■ Work item
Although the records contain pictures, none belong in the copy: restate word for word only the lines from the one with "Dripper Prima RDA 22 Titanide" through the one with "Domki Pod Jesionami - Foto 16", both included.

■ Exercise inputs

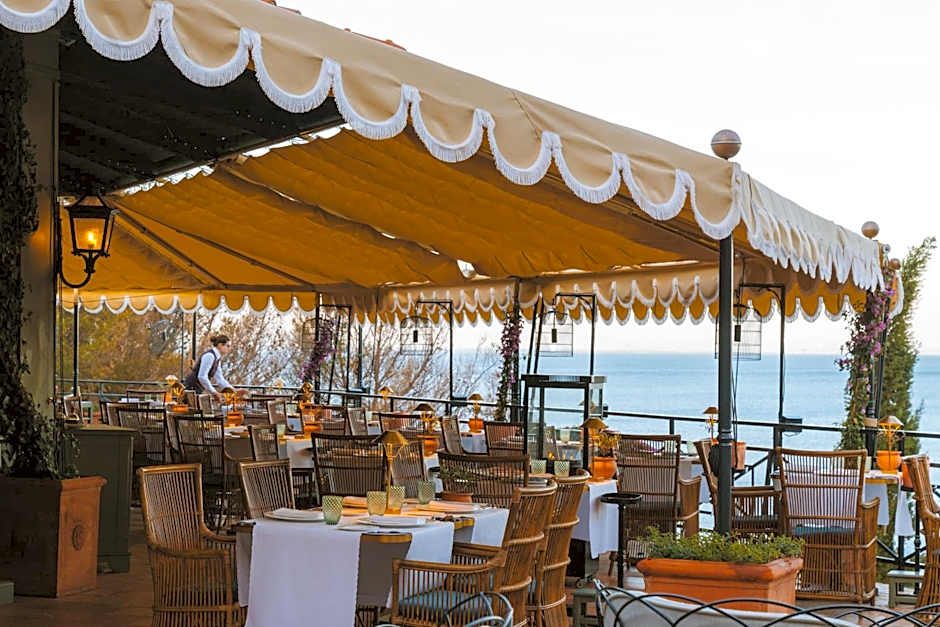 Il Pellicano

...

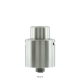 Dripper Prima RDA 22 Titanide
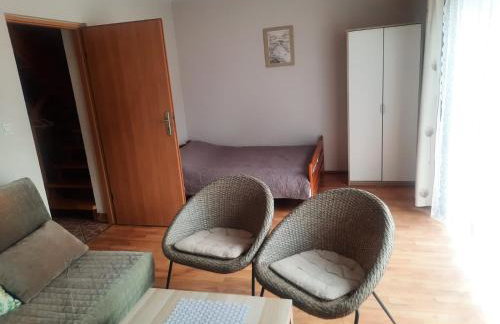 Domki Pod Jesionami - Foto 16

...

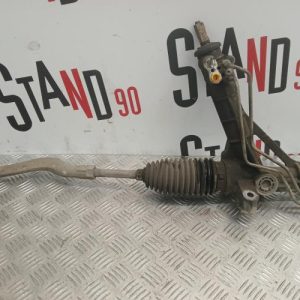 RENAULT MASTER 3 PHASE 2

■ Written response
 Dripper Prima RDA 22 Titanide
 Domki Pod Jesionami - Foto 16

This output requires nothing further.